In digital audio recorders based on video cassette recorders (VCRs) time compression allows the continuous audio samples to be placed in blocks in the unblanked parts of the video waveform, separated by synchronizing pulses.

Subsequently, any time compression can be reversed by time expansion. Samples are written into a RAM at the incoming clock rate, but read out at the standard sampling rate. Unless there is a design fault, time compression is totally inaudible. In a recorder, the time expansion stage can be combined with the timebase correction stage so that speed variations in the medium can be eliminated at the same time. The use of time compression is universal in digital audio recording. In general the instantaneous data rate at the medium is not the same as the rate at the convertors, although clearly the average rate must be the same.

images

Figure 1.8    In time compression, the unbroken real-time stream of samples from an ADC is broken up into discrete blocks. This is accomplished by the configuration shown here. Samples are written into one RAM at the sampling rate by the write clock. When the first RAM is full, the switches change over, and writing continues into the second RAM whilst the first is read using a higher-frequency clock. The RAM is read faster than it was written and so all the data will be output before the other RAM is full. This opens spaces in the data flow which are used as described in the text.
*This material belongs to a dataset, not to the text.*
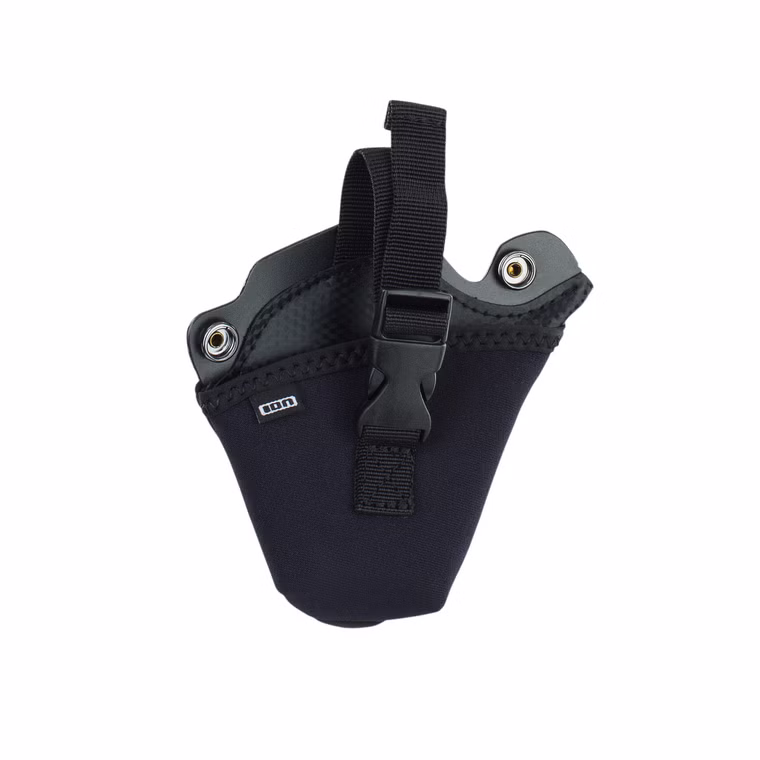 Earpads Walkie Talkie (right side) ION 2022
Another application of time compression is to allow more than one channel of audio to be carried in a single channel. If, for example, audio samples are time compressed by a factor of two, it is possible to carry samples from a stereo source in one cable. In digital video recorders both audio and video data are time compressed so that they can share the same heads and tape tracks.

1.9 Synchronization

Transfer of samples between digital audio devices in real time is only possible if both use a common sampling rate and they are synchronized. A digital audio recorder must be able to synchronize to the sampling rate of a digital input in order to record the samples. It is frequently necessary for such a recorder to be able to play back locked to an external sampling rate reference so that it can be connected to, for example, a digital mixer. The process is already common in video systems but now extends to digital audio. Chapter 8 describes a digital audio reference signal (DARS).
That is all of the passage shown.